To do – Repeat only the lines below that run from the line with "Colourful Lightbulb Necklace" to the line with "Wholesale wide angle", ends included; skip every picture.

═══ Records

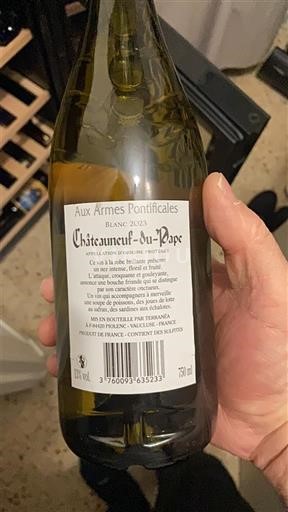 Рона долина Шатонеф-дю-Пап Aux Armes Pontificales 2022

══════
═══ Records

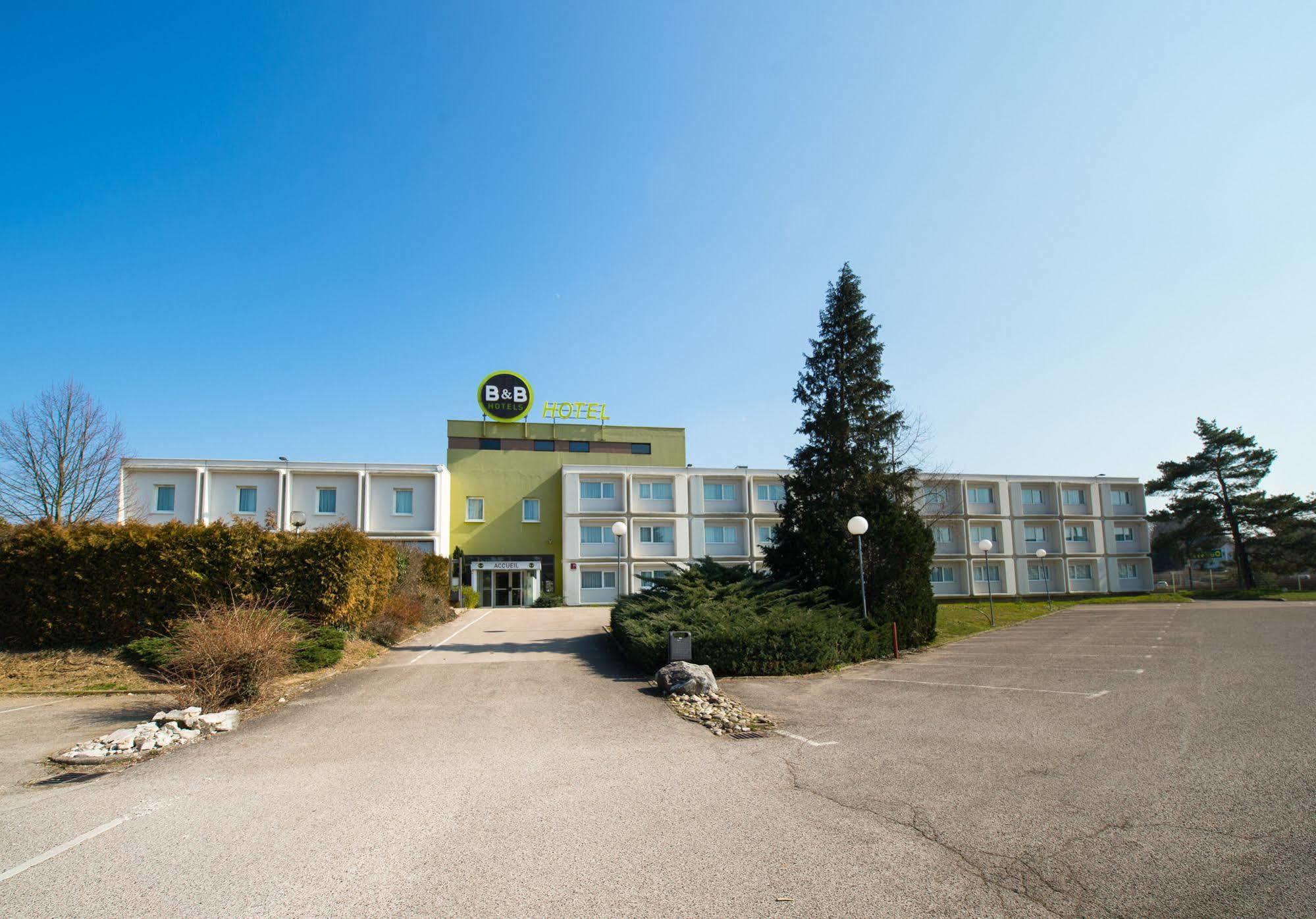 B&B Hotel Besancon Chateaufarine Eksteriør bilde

══════
═══ Records

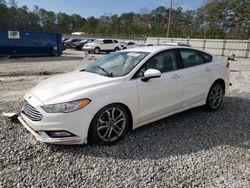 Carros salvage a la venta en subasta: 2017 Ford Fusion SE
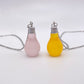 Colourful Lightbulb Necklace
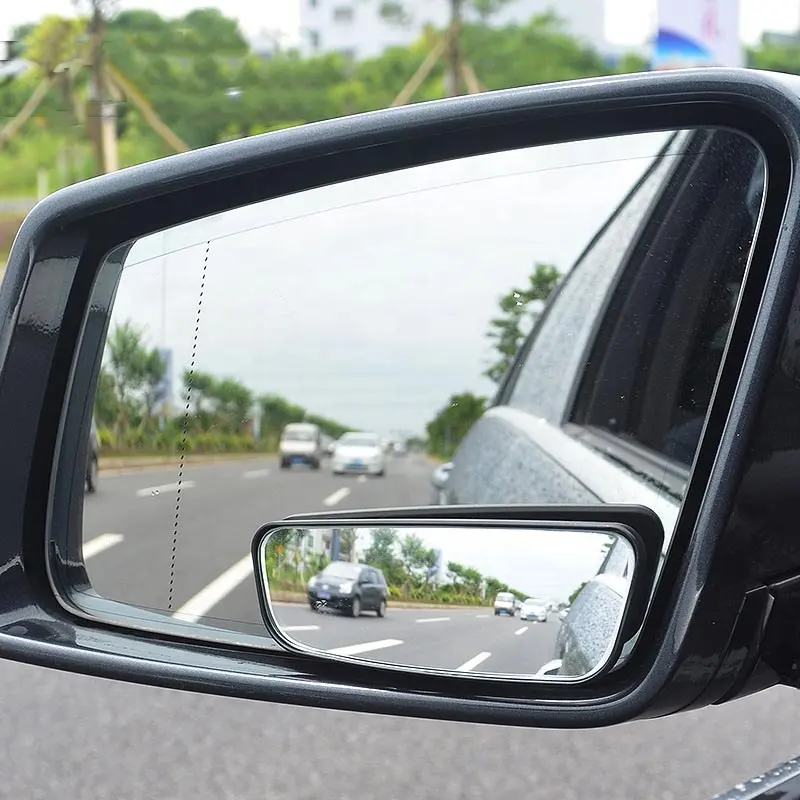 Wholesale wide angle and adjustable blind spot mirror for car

══════

Your response –
 Colourful Lightbulb Necklace
 Wholesale wide angle and adjustable blind spot mirror for car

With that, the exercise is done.